__Task item__
Within the material below, transcribe exactly the lines from the one holding "Brienz Youth Hostel Dış mekan fotoğraf" through the one holding "MIRADOR 1000 CONDO - Residential Lease", keeping both ends and skipping the rest.

__Extracted records__
Content starts
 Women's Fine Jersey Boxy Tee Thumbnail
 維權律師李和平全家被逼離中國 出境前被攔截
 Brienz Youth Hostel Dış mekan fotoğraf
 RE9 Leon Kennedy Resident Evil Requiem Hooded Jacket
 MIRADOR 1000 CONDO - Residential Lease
Content ends
Content starts
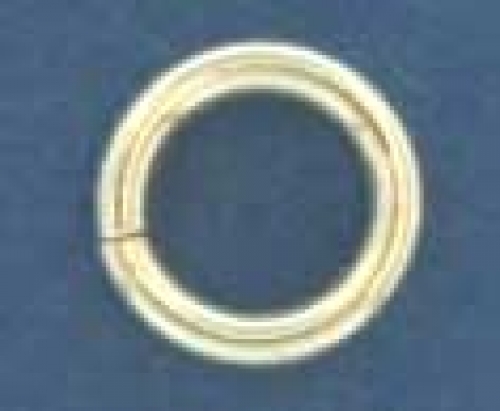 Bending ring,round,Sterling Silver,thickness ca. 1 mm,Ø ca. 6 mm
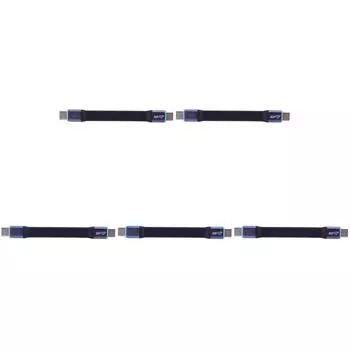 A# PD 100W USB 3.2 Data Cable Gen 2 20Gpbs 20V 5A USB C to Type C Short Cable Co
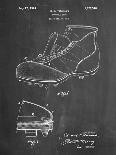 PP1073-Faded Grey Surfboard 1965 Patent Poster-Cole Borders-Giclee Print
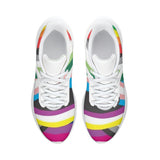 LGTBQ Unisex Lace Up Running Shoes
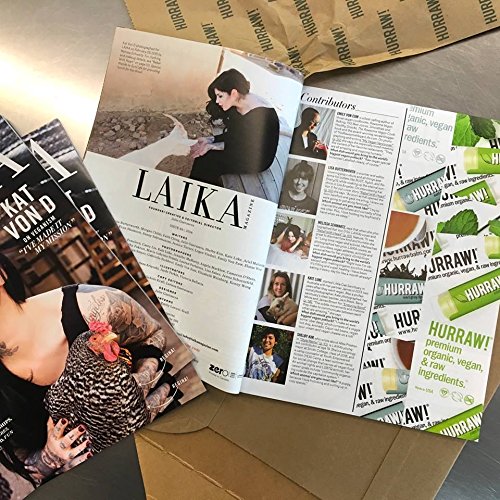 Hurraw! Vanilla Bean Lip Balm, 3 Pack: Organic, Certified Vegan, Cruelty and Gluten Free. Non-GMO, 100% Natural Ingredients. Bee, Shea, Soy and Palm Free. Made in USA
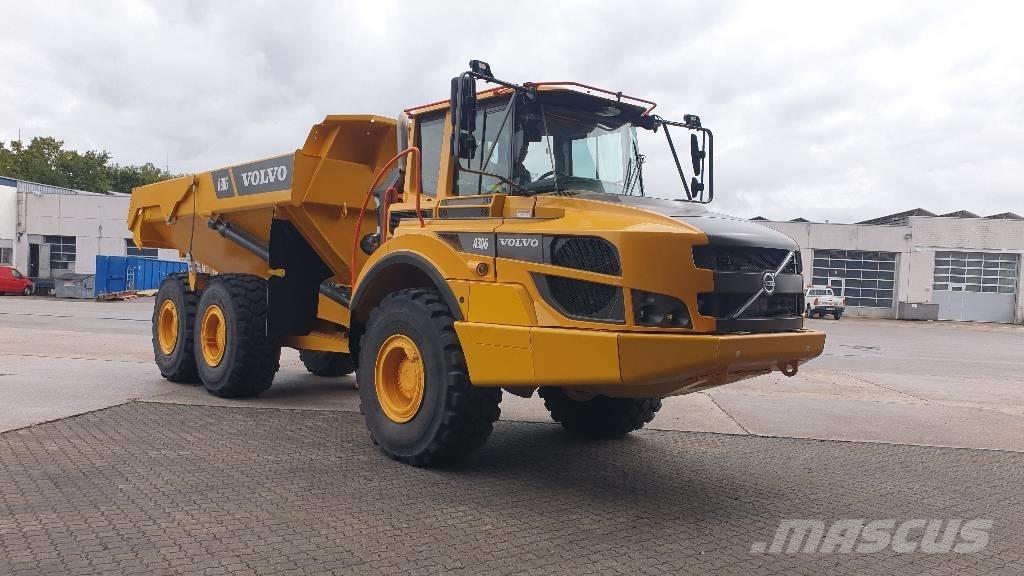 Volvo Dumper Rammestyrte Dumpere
Content ends
__Result of this task__
 Brienz Youth Hostel Dış mekan fotoğraf
 RE9 Leon Kennedy Resident Evil Requiem Hooded Jacket
 MIRADOR 1000 CONDO - Residential Lease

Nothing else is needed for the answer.